**Problem details**
Print all of the data below exactly as it appears, leaving out every image.

**Task inputs**

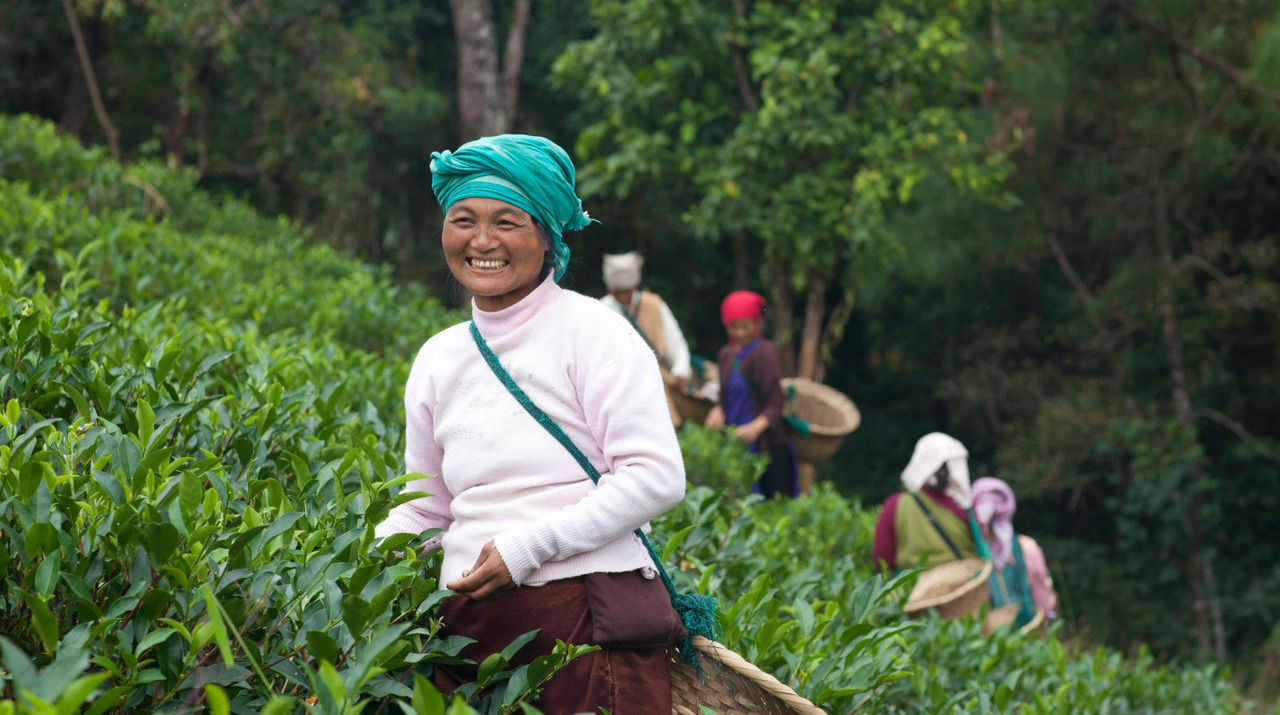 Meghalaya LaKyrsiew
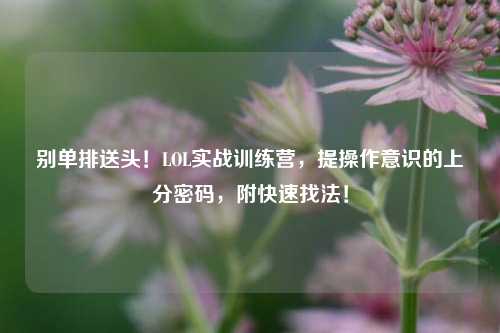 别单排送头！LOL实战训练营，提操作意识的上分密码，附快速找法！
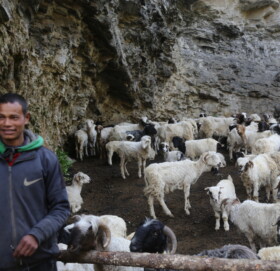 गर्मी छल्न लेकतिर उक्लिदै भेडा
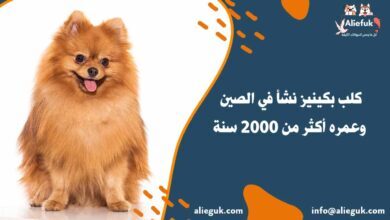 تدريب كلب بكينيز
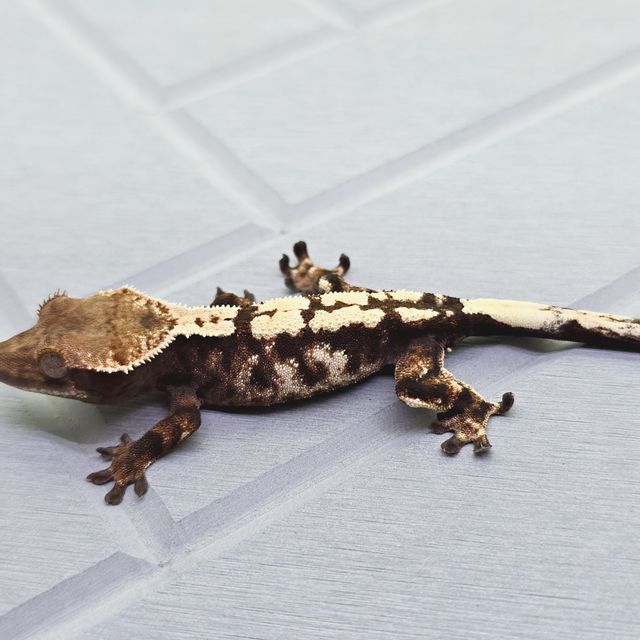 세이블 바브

**Answer space**
 Meghalaya LaKyrsiew
 别单排送头！LOL实战训练营，提操作意识的上分密码，附快速找法！
 गर्मी छल्न लेकतिर उक्लिदै भेडा
 تدريب كلب بكينيز
 세이블 바브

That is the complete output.